We find the rationale of these cases, and the silence of the legislature on the issue of payment of interest on condemnation awards deposited with the county treasurer, to be dispositive of the issue.

Additionally, “An Act concerning county treasurers, 0 0 0 and concerning public funds within their custody ° ” (Ill. Rev. Stat. 1973, ch. 36, par. 17 et seq.) directs that interest on such funds be credited to the county’s corporate fund. Section 1 of that act defines “county moneys” as:

“all moneys to whomsoever belonging, received by or in possession or control of the incumbent of the office of county treasurer when acting as such or in any other official capacity incident to his incumbency of the office of county treasurer.” (Emphasis added.) (Ill.

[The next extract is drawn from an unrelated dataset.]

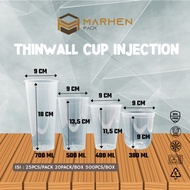 Thinwall Cup Injection Oval 380ml 400ml 500ml 700ml / Gelas Plastik Bahan PP Tebal / Cup PP Injectio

Rev. Stat. 1973, ch. 36, par. 17.)

This would include money deposited with the county treasurer pursuant to condemnation proceedings under the Eminent Domain Act (Ill. Rev. Stat. 1973, ch. 47, par. 1 et seq.). Interest earned on “county moneys” is covered by section 6.1 of the Act, which provides:

“All earnings accruing on any investments or deposits made by the County Treasurer * * * of county monies as in this Act is defined, shall be credited to and paid into the County Treasury for the Benefit of the county corporate fund to be used for county purposes, except where by specific statutory provisions such earnings are directed to be credited to and paid to a particular fund.” Ill. Rev. Stat. 1973, ch. 36, par. 22.1.

Certainly a condemnation award deposited with the county treasurer pursuant to an eminent domain proceeding is included in the definition of “county moneys”: “all moneys to whomsoever belonging.” There can be no question that the interest earned is to be deposited into the county corporate fund.

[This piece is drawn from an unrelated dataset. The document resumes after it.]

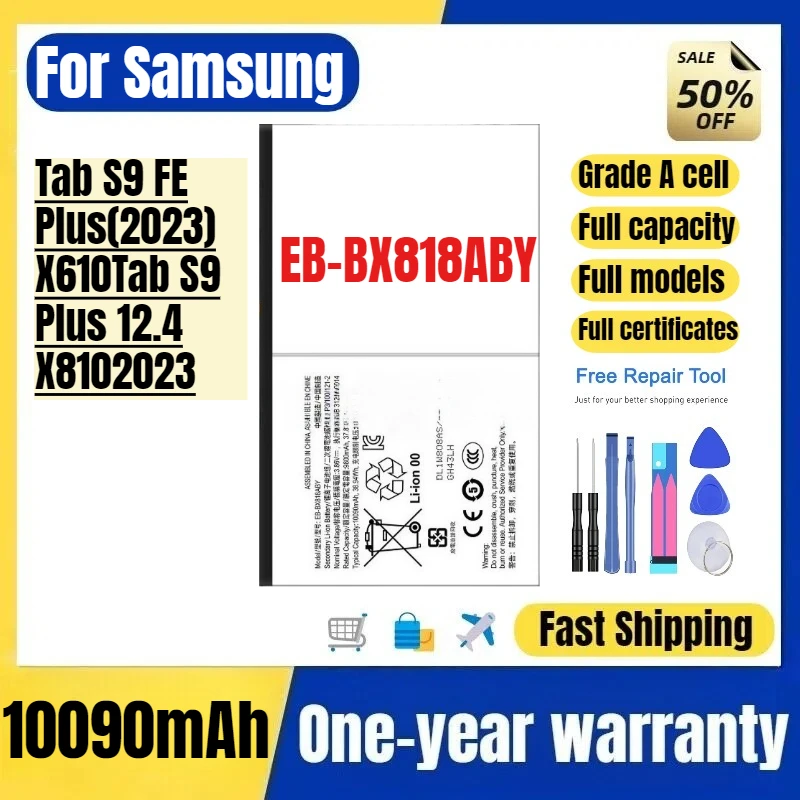 

EB-BX818ABY for Samsung Tab S9 FE Plus(2023)/X610Tab S9 Plus 12.4/X8102023 Tablet Battery Replacement Bateria Grade A Cell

Plaintiffs’ reliance on United States v. MacMillan (N.D. Ill. 1913), 209 F. 266, aff'd (7th Cir. 1917), 251 F. 55, aff'd (1920), 253 U.S. 195, 64 L. Ed. 857, 40 S. Ct. 540, is misplaced, since the decision in that case was based on Federal statutes and rules, not on the legal or equitable principles concerning accountability for interest. (See Gonzalez v. Danaher (1975), 30 Ill. App. 3d 992, 995-96, 332 N.E.2d 603.) Similarly, the California cases cited by plaintiffs rely on statutory interpretation to justify the awarding of interest.

Since we do not find resolution of the question of the applicability of sections 1 and 2 of “An Act relating to certain investments of public funds by public agencies” (Ill. Rev. Stat. 1973, ch. 85, pars. 901, 902) necessary to the outcome of this case, we need not consider the constitutionality of those sections. In view of our analysis of the issues presented for review, it is unnecessary to weigh the adequacy of the legal remedy or the propriety of a class action in this situation.

For the foregoing reasons, the judgment of the trial court of Cook County dismissing plaintiffs’ complaint is affirmed.

Affirmed.

SIMON, P. J., and McNAMARA, J., concur.